Enzo, who has been trying to resume his measurements while pretending Alistair isn't there, stops.
"The 1987 Foundation dinner," Enzo says, very carefully, "was a Giovanni masterpiece. He talked about that commission for years."
"He talked about it because I was a nightmare," Alistair says cheerfully.
"I'd just come back from six weeks in Buenos Aires and I'd put on — well, it doesn't matter how much.
The point is I called him four days before the dinner, and when he saw me walk in he sat down and put his head in his hands and didn't speak for approximately forty seconds.
I thought he'd had a stroke. He was just grieving the original measurements. "
Enzo looks at Jax. He looks back at Alistair. A new and terrible understanding crosses his face.
"You are the reason," Enzo says slowly, "that my father has a panic button installed under his cutting table."
"He installed it after the Monaco incident," Alistair confirms. "Different story. I'll tell you over the cornetto." He holds up the bag. Enzo, against every instinct, takes one.
Jax is staring at Alistair with the pure, uncomplicated love of a man who has just found an unexpected ally.
"Alistair," Jax says. "I could kiss you."
"Save it for the wedding," Alistair says. "Now, Enzo — stop punishing the boy for having a functional musculature. He's a surgeon. He uses his body as a tool. You wouldn't insult a Steinway for being too resonant."
"A Steinway," Enzo says, pointing his measuring tape at Jax, "does not have deltoids that make the back seam weep."
"Then cut the back seam differently," Alistair says, with the breezy authority of a man who has absolutely no idea how tailoring works but has been rich long enough that no one has ever told him so.
"Giovanni used to say the fabric serves the man, not the other way around.
He told me that in 1994 when I showed up to a fitting after a cycling holiday in Tuscany and my thighs had—"
"Stop," Enzo says. He holds up a hand. He closes his eyes briefly. "Please. I am begging you. Do not finish that sentence. I have to sleep tonight."
Alistair closes his mouth. He looks at Catherine with mild innocence.
"Am I helping?" he asks.
"You are a disaster," Catherine says, without looking up from her espresso.
"Catastrophically," Preston agrees from the lounge chair, though he is smiling in a way he is clearly trying to suppress.
"Wonderful," Alistair says, and helps himself to another cornetto.
A comfortable silence settles, broken only by the sound of Enzo's measuring tape and Alistair chewing. Then Alistair's phone buzzes. He looks at it. His face lights up with the specific, incandescent joy of a man who has just received very good news from somewhere far away.

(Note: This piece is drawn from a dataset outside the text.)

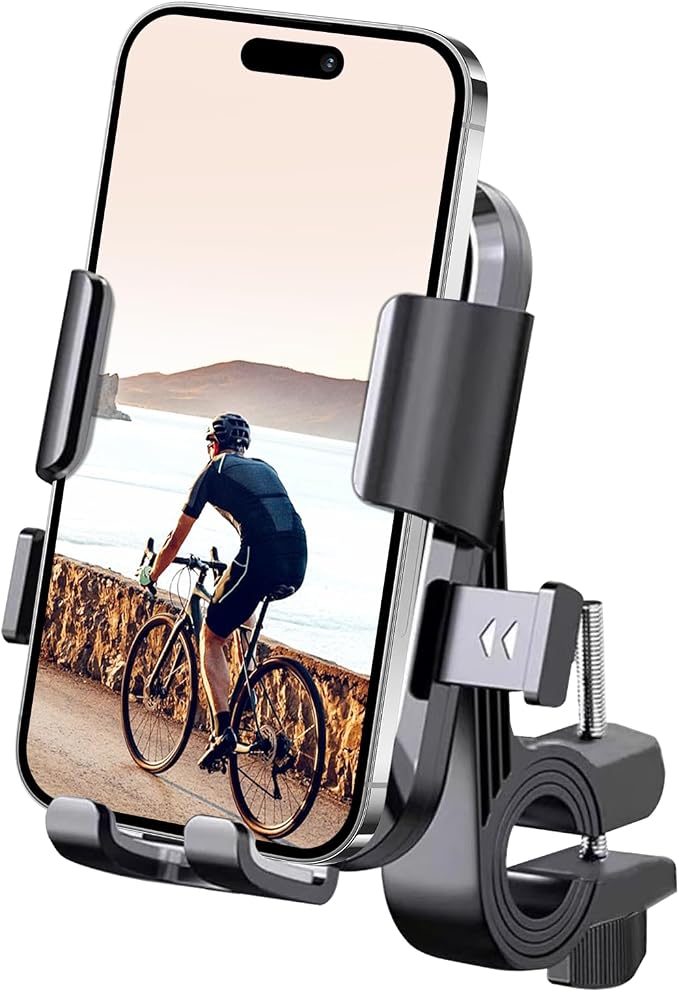 LELEKUAI Bike Phone Mount for Motorcycle & Ebike – Anti-Shake Handlebar Phone Holder, Universal Cell Phone Mount, Easy Install, Fits iPhone & Android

"Ah excellent, he has found a breeding pair," Alistair announces to the room.
"Of what?" Preston asks.
"Does it matter?" Alistair says, already standing, folding the paper bag under his arm.

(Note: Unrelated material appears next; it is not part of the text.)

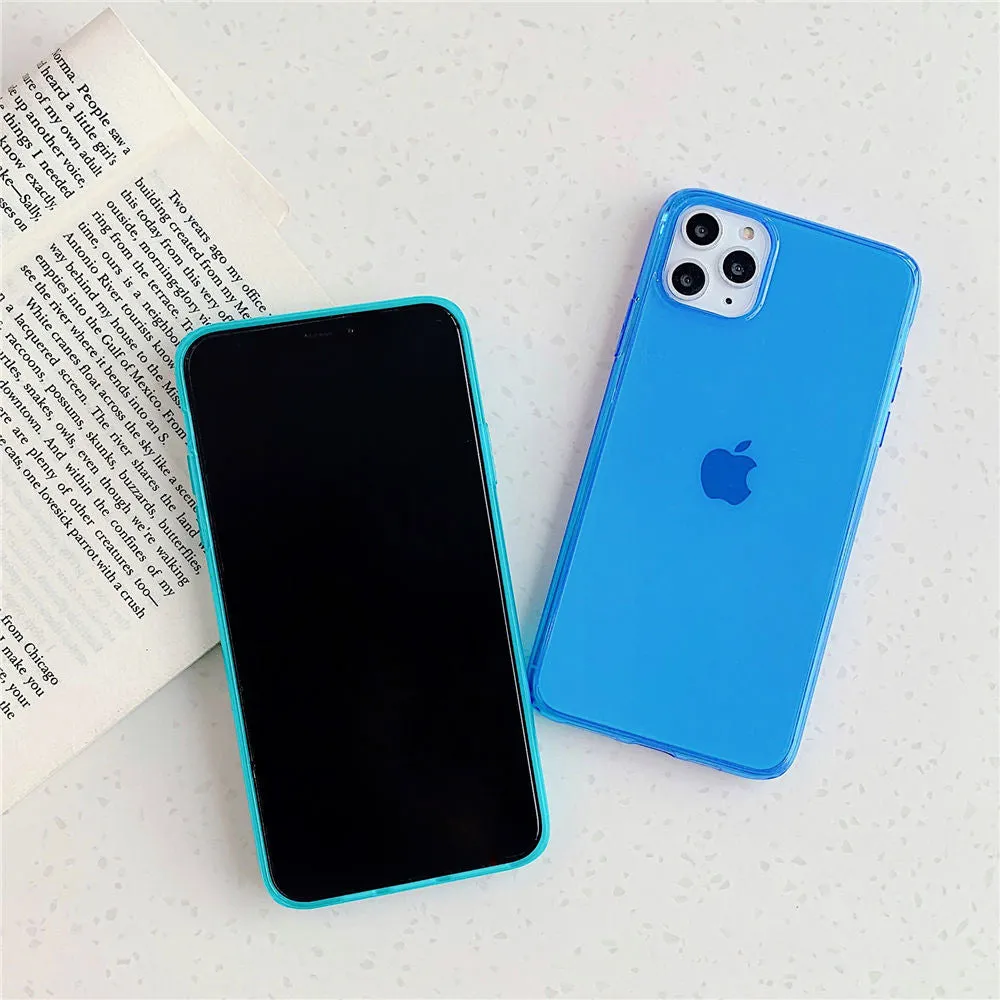 Fluorescent Solid Colour Transparent Phone Case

He pats Jax on the shoulder — the pinned one, which makes Enzo inhale sharply through his nose — and straightens his Panama hat.
"The point is, they need to be collected before Thursday, and the man who has them lives in New Jersey, which means I need to leave immediately before the tunnel traffic becomes a moral crisis. "

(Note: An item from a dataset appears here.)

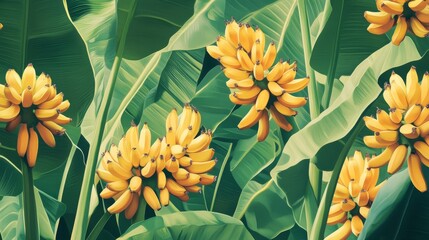 Fototapeta premium 73.A banner-style image of banana trees with clusters of ripe bananas hanging in bunches, surrounded by broad green leaves. The bright yellow bananas are ready for harvest, set against the dense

He kisses Catherine on the top of her head. She flinches but doesn't pull away.
"The suits look magnificent," he declares, though he has spent approximately four minutes actually looking at them. "Enzo, your father would be proud. Or at the very least, relieved."
"He would be neither," Enzo says flatly. "He would be in therapy."
"Same thing, in this family," Alistair says cheerfully.
He strides toward the door, already typing a response to whomever it was had found the mysterious breeding pair. He pauses with one hand on the frame, turns back, and looks at Jax with an expression that is, briefly, entirely serious.